▶ **Data excerpt**:
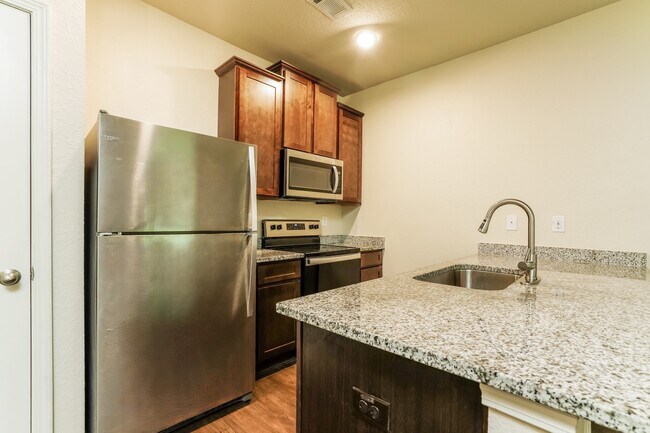 Foto del edificio - 1408 Canopy Dr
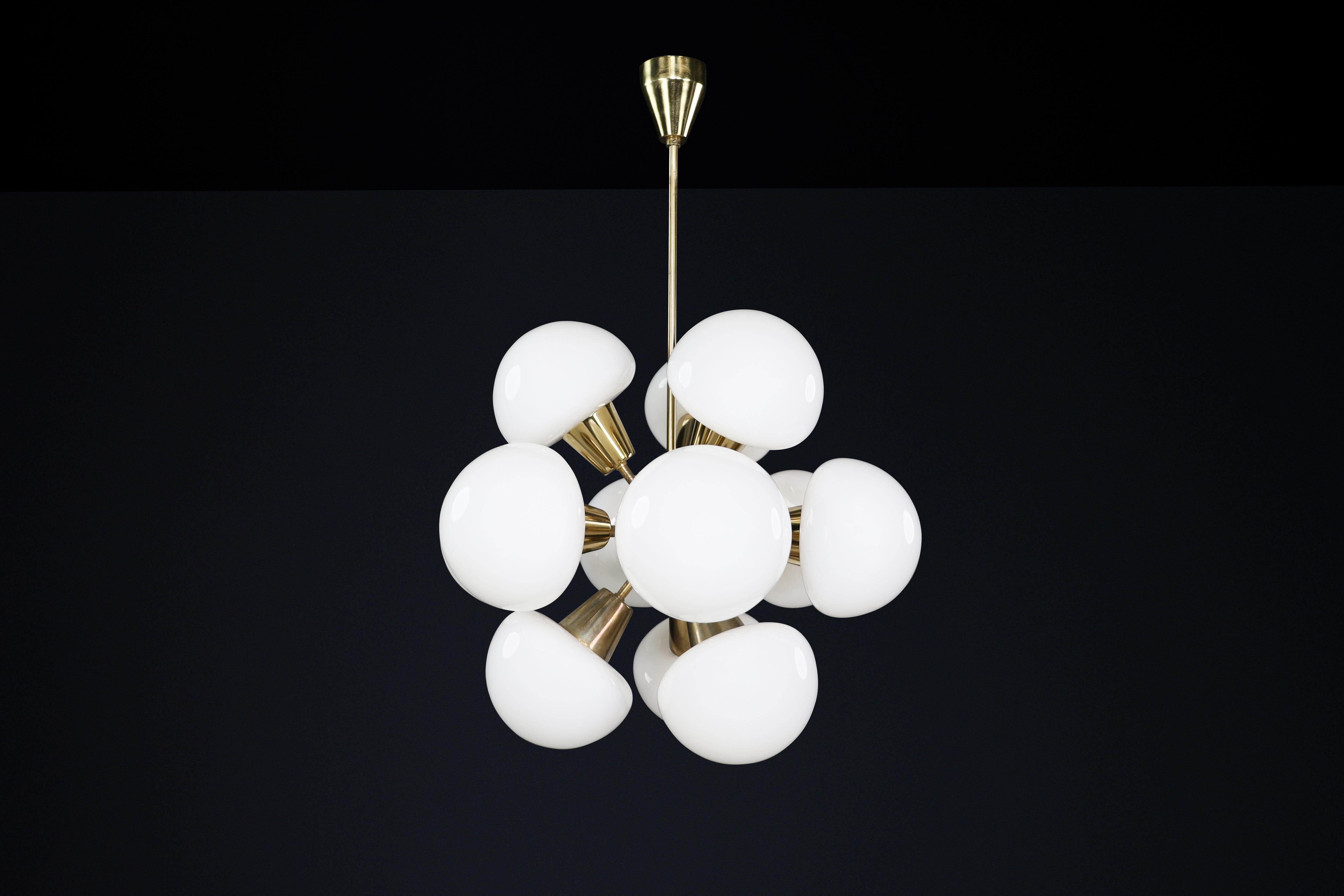 Lustre Spoutnik moderne du milieu du siècle dernier en laiton et verre opalin, CZ 1970 en vente 4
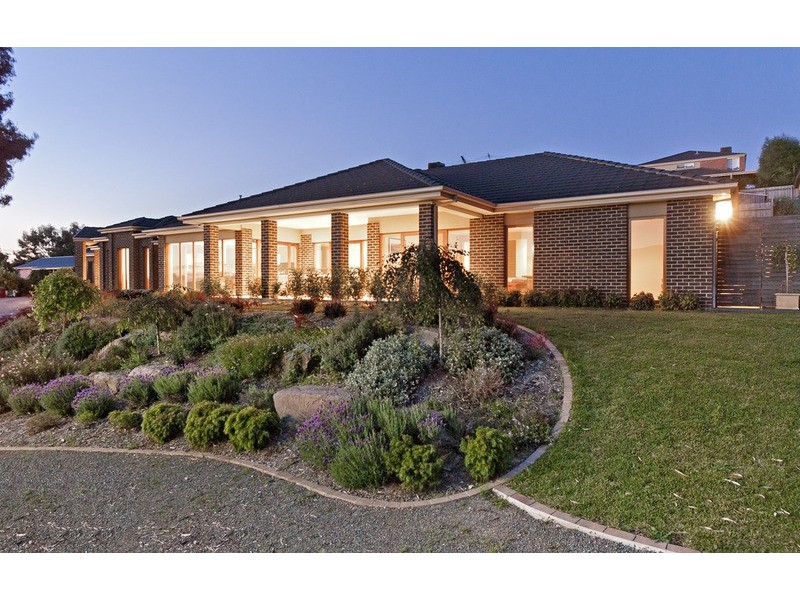 6 Classic  Drive, Mooroolbark VIC 3138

▶ **Required work**:
A word-for-word restatement of all the lines above is needed, with the pictures omitted.

▶ **Output of the exercise**:
 Foto del edificio - 1408 Canopy Dr
 Lustre Spoutnik moderne du milieu du siècle dernier en laiton et verre opalin, CZ 1970 en vente 4
 6 Classic  Drive, Mooroolbark VIC 3138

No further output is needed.